Unesco: l’AI è sessista perché ci lavorano troppo poche donne

Uno studio dimostra che veicola stereotipi e pregiudizi

Gli anni passano, le società cambiano ma i pregiudizi , come quelli sessisti o razzisti, hanno vita lunga. A denunciare questa volta gli orientamenti sessisti dell’AI è l’Unesco, l’organizzazione delle Nazioni Unite per l’educazione, la scienza e la cultura, preoccupata che i grandi modelli  in open source come Meta  e OpenAI veicolino contenuti « senza equivoci nei confronti delle donne ».

Secondo uno studio  effettuato dall’agosto scorso all’inizio di marzo, i modelli GTP2 e 3 di OpenAI e LLama2 del rivale Meta, tendono ad associare maggiormente  nomi femminili a parole come casa, famiglia e bambini mentre quelli maschili sono prevalentemente accoppiati a carriera, salario o commercio. Sollecitati ad allargare i loro orizzonti  a persone di diverse origine e genere, questi modelli hanno generato storie in  cui si ripetevano gli stereotipi di sempre sia per quanto riguardava le donne o le culture minoritarie . Cosicché, rileva l’Unesco, un uomo inglese tende ad essere rappresentato come un professore, un impiegato di banca o un autista mentre una donna inglese, in almeno il 30% dei testi generati, come una indossatrice, una prostituta o una cameriera.

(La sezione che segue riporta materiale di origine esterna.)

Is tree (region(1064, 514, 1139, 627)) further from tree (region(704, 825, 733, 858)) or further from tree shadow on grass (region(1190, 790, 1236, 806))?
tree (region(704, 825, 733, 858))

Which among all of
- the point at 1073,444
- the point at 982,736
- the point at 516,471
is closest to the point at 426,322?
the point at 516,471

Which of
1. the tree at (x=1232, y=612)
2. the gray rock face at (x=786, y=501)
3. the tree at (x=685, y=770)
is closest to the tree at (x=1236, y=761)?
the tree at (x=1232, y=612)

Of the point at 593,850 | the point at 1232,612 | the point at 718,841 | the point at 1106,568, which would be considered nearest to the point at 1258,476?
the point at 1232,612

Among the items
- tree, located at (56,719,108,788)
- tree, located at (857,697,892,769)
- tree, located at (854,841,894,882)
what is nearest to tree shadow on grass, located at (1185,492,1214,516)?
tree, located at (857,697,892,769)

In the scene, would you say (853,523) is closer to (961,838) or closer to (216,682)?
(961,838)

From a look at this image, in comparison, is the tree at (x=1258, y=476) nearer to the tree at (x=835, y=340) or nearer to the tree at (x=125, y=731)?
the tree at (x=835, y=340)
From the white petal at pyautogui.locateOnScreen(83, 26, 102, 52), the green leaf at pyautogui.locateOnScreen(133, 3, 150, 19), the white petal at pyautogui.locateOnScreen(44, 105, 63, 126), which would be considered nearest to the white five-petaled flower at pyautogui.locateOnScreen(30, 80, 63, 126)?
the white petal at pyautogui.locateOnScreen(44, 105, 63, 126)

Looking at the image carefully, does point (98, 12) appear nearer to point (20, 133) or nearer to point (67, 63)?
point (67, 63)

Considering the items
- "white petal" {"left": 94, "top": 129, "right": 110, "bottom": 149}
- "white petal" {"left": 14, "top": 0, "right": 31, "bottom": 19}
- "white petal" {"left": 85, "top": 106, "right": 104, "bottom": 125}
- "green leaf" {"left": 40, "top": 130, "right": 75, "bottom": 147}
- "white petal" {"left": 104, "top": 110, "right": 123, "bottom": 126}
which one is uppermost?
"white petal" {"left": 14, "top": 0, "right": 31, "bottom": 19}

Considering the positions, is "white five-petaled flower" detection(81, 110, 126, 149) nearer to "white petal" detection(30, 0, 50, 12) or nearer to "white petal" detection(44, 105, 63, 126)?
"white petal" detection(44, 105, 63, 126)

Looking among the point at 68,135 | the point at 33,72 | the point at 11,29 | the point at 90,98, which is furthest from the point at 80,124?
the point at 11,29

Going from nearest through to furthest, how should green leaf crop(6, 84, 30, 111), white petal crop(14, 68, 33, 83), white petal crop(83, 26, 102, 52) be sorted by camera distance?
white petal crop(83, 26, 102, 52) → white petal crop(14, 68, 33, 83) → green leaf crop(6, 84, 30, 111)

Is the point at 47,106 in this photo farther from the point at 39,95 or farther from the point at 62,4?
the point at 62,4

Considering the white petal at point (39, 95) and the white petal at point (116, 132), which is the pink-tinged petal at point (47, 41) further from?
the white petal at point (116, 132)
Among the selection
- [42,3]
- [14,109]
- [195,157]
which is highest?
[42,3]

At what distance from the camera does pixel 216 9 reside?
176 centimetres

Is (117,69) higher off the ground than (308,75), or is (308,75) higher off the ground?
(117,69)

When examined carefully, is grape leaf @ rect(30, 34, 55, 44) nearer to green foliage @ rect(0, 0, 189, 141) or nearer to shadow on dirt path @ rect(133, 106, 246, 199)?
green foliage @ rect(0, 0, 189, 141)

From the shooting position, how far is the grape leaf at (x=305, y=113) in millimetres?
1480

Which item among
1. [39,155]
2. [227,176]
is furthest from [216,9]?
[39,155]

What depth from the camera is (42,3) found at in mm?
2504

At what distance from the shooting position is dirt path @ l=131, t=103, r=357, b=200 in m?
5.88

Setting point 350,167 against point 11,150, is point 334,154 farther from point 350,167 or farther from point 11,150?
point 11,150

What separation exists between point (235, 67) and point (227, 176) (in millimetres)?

L’incapacità di rappresentare l’intero ventaglio dei loro utilizzatori rischia di alimentare ulteriormente stereotipi e pregiudizi in quanto, sottolinea l’organizzazione ,« più verrà utilizzata AI maggiormente queste applicazioni avranno modo di influenzare la percezione di milioni di persone. E quindi  la presenza stessa di un minimo pregiudizio sessista nei contenuti che genera può amplificare in modo significativo le ineguaglianze nel mondo reale »  spiega la sua direttrice Audrey Azoulay.

Per lottare contro stereotipi e discriminazioni l’Unesco invita le aziende del settore a diversificare le loro équipes di ingegneri  accogliendo nelle loro file un maggior numero di donne. Attualmente, secondo il foro economico mondiale, le donne rappresentano solo il 22% del personale impiegatp nell’AI. E’ da anni ormai che si riproverano all’AI pregiudizi sessisti e razzisti. Già anni fa Science rilevava come la tecnologia del Machine learning riproduce gli orientamenti umani, nel bene e nel male.
 
«I nostri risultati suggeriscono che se noi fabbrichiamo un sistema intelligente  che riesce ad imparare quel tanto delle proprierà di linguaggio per essere in grado di capirlo e produrlo, in questo processo acquisirà anche associazioni  culturali e storiche, di cui alcune possono essere problematiche ». « Molti accusano l’AI di nutrire pregiudizi. Non è così. Siamo noi che abbiamo pregiudizi e l‘AI li impara » aveva precisato la ricercatrice Joanna Bryson che aveva collaborato allo studio pubblicato dalla rivista.

Stereotipi che possono avere effetti negativi in molti campi, come la richiesta di un prestito o l’esame di curriculum, se le domande di prestiti o di assunzioni dovessero essere esaminate basandosi su algoritmi che utilizzano dati creati dall’uomo e che quindi, se da una parte possono facilitare il compito, dall’altra rischiano di riprodurre  pregiudizi e ingiustizie.

Sarà bene dunque che l’AI, che si accinge ad avere un’enorme influenza sulle nostre società, faccia rapidamente sostanziali passi avanti  per liberare, uomini e macchine, da stereotipi e pregiudizi.